Par coordination, l'article 4 proroge les systèmes d'information créés aux fins de lutter contre l'épidémie de covid-19 jusqu'au 31 juillet 2022. Ces dispositifs, que vous connaissez déjà tous très bien – Contact Covid et SI-DEP – sont indispensables à la lutte contre l'épidémie. Il est donc tout à fait nécessaire d'en proroger l'utilisation, au plus tard jusqu'à l'échéance du dispositif juridique de l'état d'urgence sanitaire.

J'en viens aux autres dispositions du texte.
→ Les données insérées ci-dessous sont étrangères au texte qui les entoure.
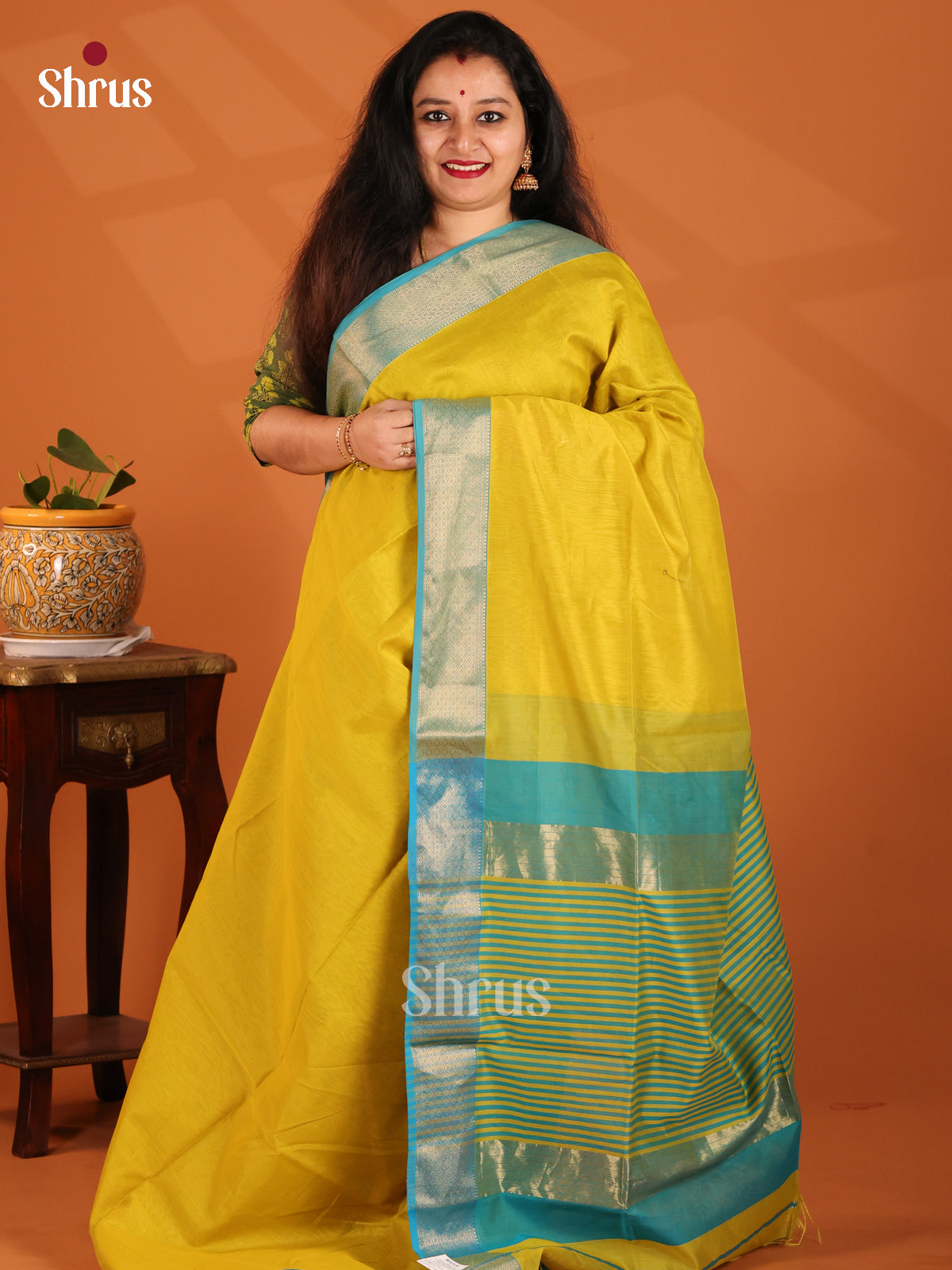 Yellow with Teal- Maheshwari silkcotton Saree - Shop on Shrus.com
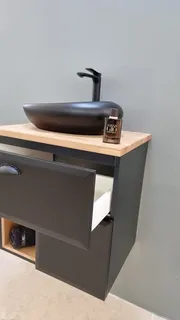 ארון אמבטיה תלוי לפי מידה רוחב עומק וצבע לפי בחירתך עם משטח עץ מלא להנחת כיור מונח דגם גפני W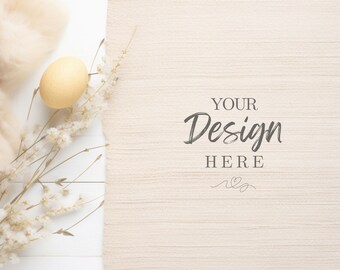 Easter Flat Lay Mockup,Bunny Egg Cross Farmhouse, Stock Photo, Add Your Design,Neutral Boho Flat Lay Background Mockup, JPG File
L'article 3 concerne l'obligation vaccinale des professionnels des secteurs sanitaire et médico-sanitaire, introduite dans la loi du 5 août dernier et qui porte elle aussi ses fruits. Cet article clarifie et précise les modalités de contrôle du respect de cette obligation, en particulier s'agissant des étudiants et élèves des écoles de santé : cela allégera les agences régionales de santé (ARS), ce qui est bienvenu. Il modifie également le régime de sanction en cas d'usage d'un faux document, par parallélisme avec ce que prévoit l'article 2.

Les articles 5 et 6, quant à eux, portent sur l'adaptation de certaines mesures d'accompagnement social et économique. L'article 5 proroge jusqu'au 31 juillet 2022 trois aménagements concernant l'activité partielle pour certaines personnes, les aides exceptionnelles pour les titulaires de droits d'auteurs et les assouplissements au fonctionnement des assemblées délibérantes locales. L'article 6, enfin, habilite le Gouvernement à prendre des ordonnances en matière d'activité partielle de longue durée, de fonctionnement des assemblées de copropriété et de validité des titres des gens de mer en Nouvelle Calédonie et en Polynésie française. Sur ce dernier point, je vous proposerai de remplacer l'ordonnance par une inscription en dur de cette mesure bienvenue pour ces territoires ultramarins.

Parce que tout a été dit au sujet de ce texte, il me semble important de repréciser les choses, afin que notre débat repose sur de bonnes bases. Ce projet de loi ne proroge pas l'état d'urgence, mais le cadre dans lequel il peut être rétabli. De même, il ne proroge pas le passe sanitaire, mais allonge la période au cours de laquelle il pourra être utilisé.